Upór Beniteza w wystawianu Bale’a jako dziesiątki spowodował też swojego rodzaju chaos w ofensywie. Po pierwsze w starciu ze Sportingiem Bale kilkakrotnie dublował się pozycjami z Isco, który nie wiadomo dlaczego wystawiony był na skrzydle, mimo że jest nominalnym środkowym pomocnikiem. Podobnie sytuacja wyglądała z Jese, który klasyczną dziewiątką nie jest i jako taka grać nie umie. Do tego należy dodać, że przy zejściach Walijczyka na lewą stronę ewidentnie przeszkadzał on Cristiano, zmuszając go często do wycofania. Wyglądało to tak, jakby nikt w Realu nie wiedział, co ma robić. Na Molinon byliśmy świadkami wielkiego chaosu.
Być może nieco spokoju wniesie do drużyny Karim Benzema, który wznowił już treningi. Co prawda, Francuz był łączony z przenosinami do Arsenalu, jednak sam zainteresowany zdementował te pogłoski. Od momentu dołączenia do Realu Bale’a Benzema asystował przy 31 golach. Do tego Francuz jest zawodnikiem, który najczęściej asystuje Cristiano Ronaldo. Z pewnością powrót Benzemy do drużyny uspokoi nieco grę z przodu. Francuz jest klasyczną dziewiątką i na pewno w przeciwieństwie do Jese będzie wiedział, jak ma zachować się na boisku i czego wymaga od niego trener. Wszystko wskazuje na to, że Benzema wystąpi już w najbliższej kolejce przeciwko drugiemu beniaminkowi – Betisowi. We wtorek, mimo dnia wolnego, jaki dostali „Królewscy” od trenera, Francuz pojawił się w ośrodku treningowym Realu, by szlifować formę przed powrotem na boisko. Benzema jest dziś potrzebny Realowi jak nigdy dotąd.

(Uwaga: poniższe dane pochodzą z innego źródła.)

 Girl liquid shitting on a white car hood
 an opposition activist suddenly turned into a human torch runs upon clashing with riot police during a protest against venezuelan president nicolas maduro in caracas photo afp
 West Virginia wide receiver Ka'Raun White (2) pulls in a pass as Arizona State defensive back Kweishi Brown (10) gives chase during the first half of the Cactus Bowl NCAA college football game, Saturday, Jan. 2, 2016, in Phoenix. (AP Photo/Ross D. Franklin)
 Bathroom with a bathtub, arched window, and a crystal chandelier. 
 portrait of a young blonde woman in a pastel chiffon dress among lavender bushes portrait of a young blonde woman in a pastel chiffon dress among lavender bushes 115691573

Co powinien zrobić Rafa Benitez? Moim zdaniem przede wszystkim powinien przestać wmawiać wszystkim, że Bale jest świetnym mediapuntą. Bo nie jest. Wydaje mi się, że lepiej na tej pozycji zagrałby chociażby Marcelo. A przecież szkoleniowiec Realu ma do dyspozycji Isco i Jamesa, którzy świetnie sobie na tej pozycji poradzą. Nie może być tak, że w takim klubie jak Real panuje chaos, bo ktoś chce udowodnić jakiemuś zawodnikowi, że jest doceniany i potrzebny. Bo właśnie stąd wzięło się całe zamieszanie z pozycją Walijczyka. Barcelona ma już dwa punkty przewagi. Jeśli w najbliższych tygodniach strzelecka niemoc będzie trwać, może się okazać, że La Liga będzie rozstrzygnięta przed klubowymi mistrzostwami świata. O tym, że w Madrycie żaden piłkarz nie jest ważniejszy od drużyny, przekonał się ostatnio Iker Casillas. Jeśli Benitez nie pójdzie po rozum do głowy, Bale może być wkrótce na Bernabeu wygwizdywany jak niedawno były kapitan. Kibice w Madrycie głupi nie są i z pewnością zauważyli już, kiedy zaczęły się ofensywne problemy Realu. Rafa, zegar tyka!